▸ Exercise goal:
The expected output is an exact copy of the lines from the one containing "5 Inch Low Profile" to the final line below, minus any pictures.

▸ Given material:
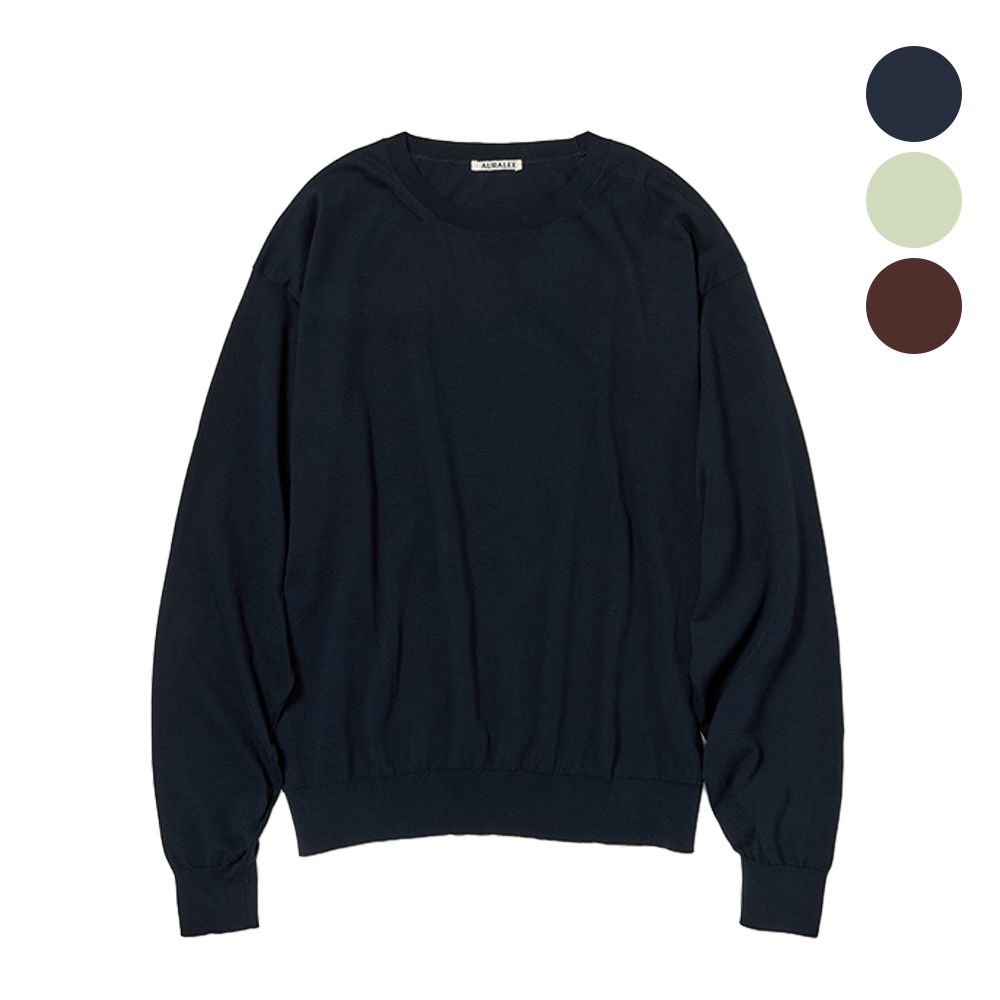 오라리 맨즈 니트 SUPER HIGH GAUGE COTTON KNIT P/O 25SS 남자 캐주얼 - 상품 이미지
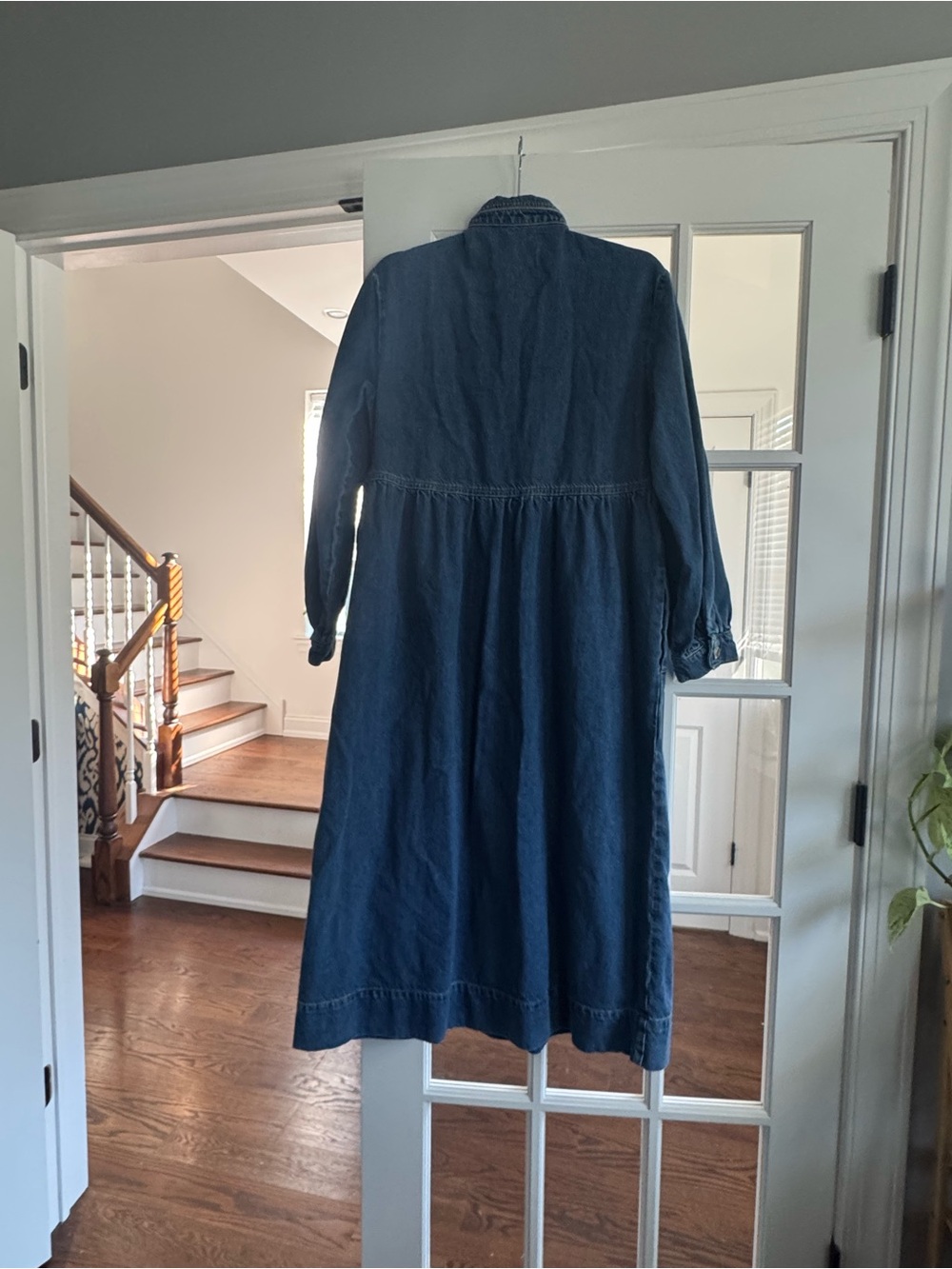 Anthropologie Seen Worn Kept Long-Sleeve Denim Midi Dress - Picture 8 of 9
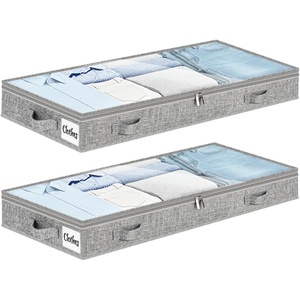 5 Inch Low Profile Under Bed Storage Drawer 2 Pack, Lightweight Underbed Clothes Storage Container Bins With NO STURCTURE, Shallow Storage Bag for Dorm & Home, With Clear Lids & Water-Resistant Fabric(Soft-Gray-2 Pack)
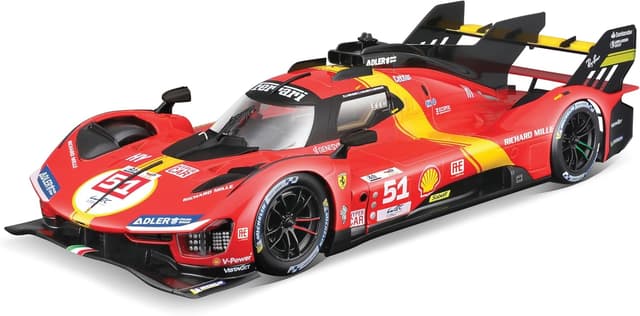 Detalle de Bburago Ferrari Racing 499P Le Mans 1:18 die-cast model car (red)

▸ Answer to this task:
 5 Inch Low Profile Under Bed Storage Drawer 2 Pack, Lightweight Underbed Clothes Storage Container Bins With NO STURCTURE, Shallow Storage Bag for Dorm & Home, With Clear Lids & Water-Resistant Fabric(Soft-Gray-2 Pack)
 Detalle de Bburago Ferrari Racing 499P Le Mans 1:18 die-cast model car (red)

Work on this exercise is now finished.